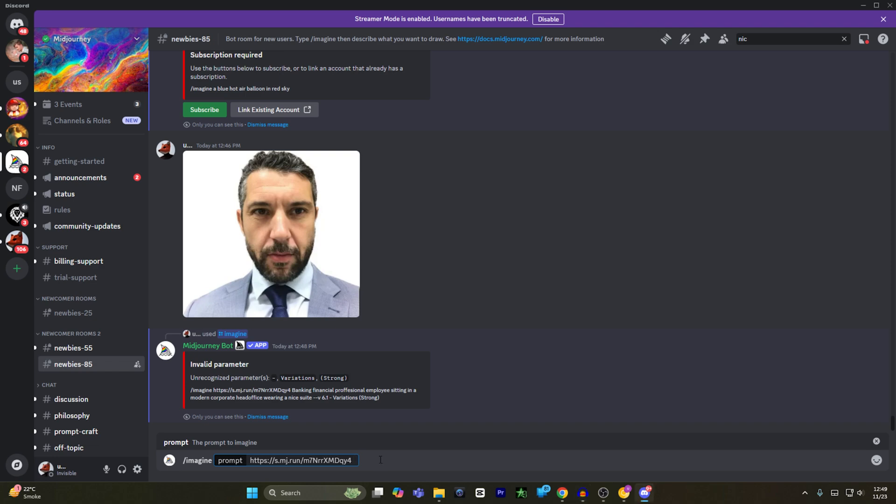I have already copied it. I will hit control V to paste my prompt, which is: banking financial professional employee sitting in a modern corporate head office wearing a nice suit.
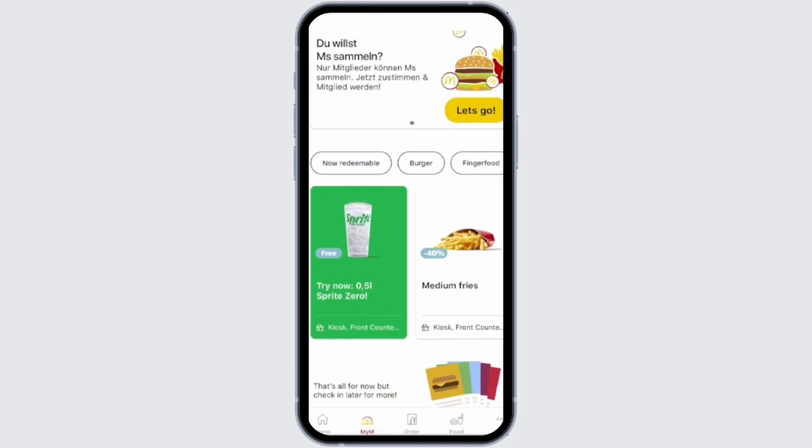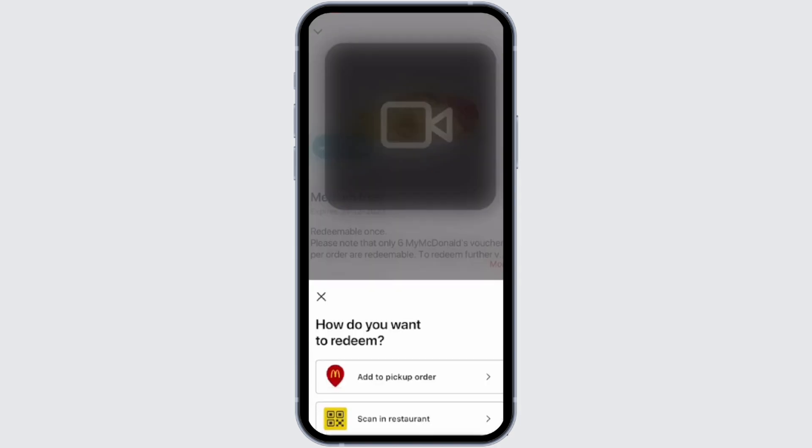Simply tap on any one that you would like, or you can also choose the restaurant in order to redeem the code manually. In my case, I'm just going to select the one that's available. Tap onto it.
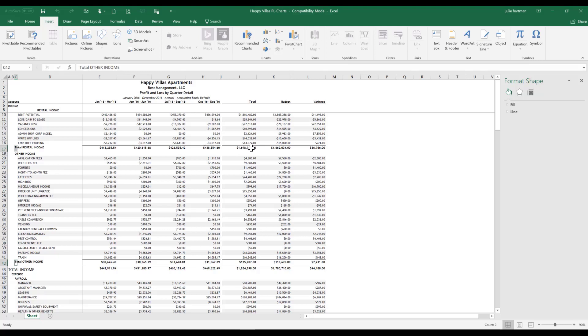Then we're going to, as we're holding down the control key, select the total of rental income, as well as select the total for total other income. So we have four selections on our screen.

ABOUT THIS TASK
All of the data is to be returned exactly, with no pictures included.

WRITTEN RESPONSE
I have already copied it. I will hit control V to paste my prompt, which is: banking financial professional employee sitting in a modern corporate head office wearing a nice suit.
Simply tap on any one that you would like, or you can also choose the restaurant in order to redeem the code manually. In my case, I'm just going to select the one that's available. Tap onto it.
Then we're going to, as we're holding down the control key, select the total of rental income, as well as select the total for total other income. So we have four selections on our screen.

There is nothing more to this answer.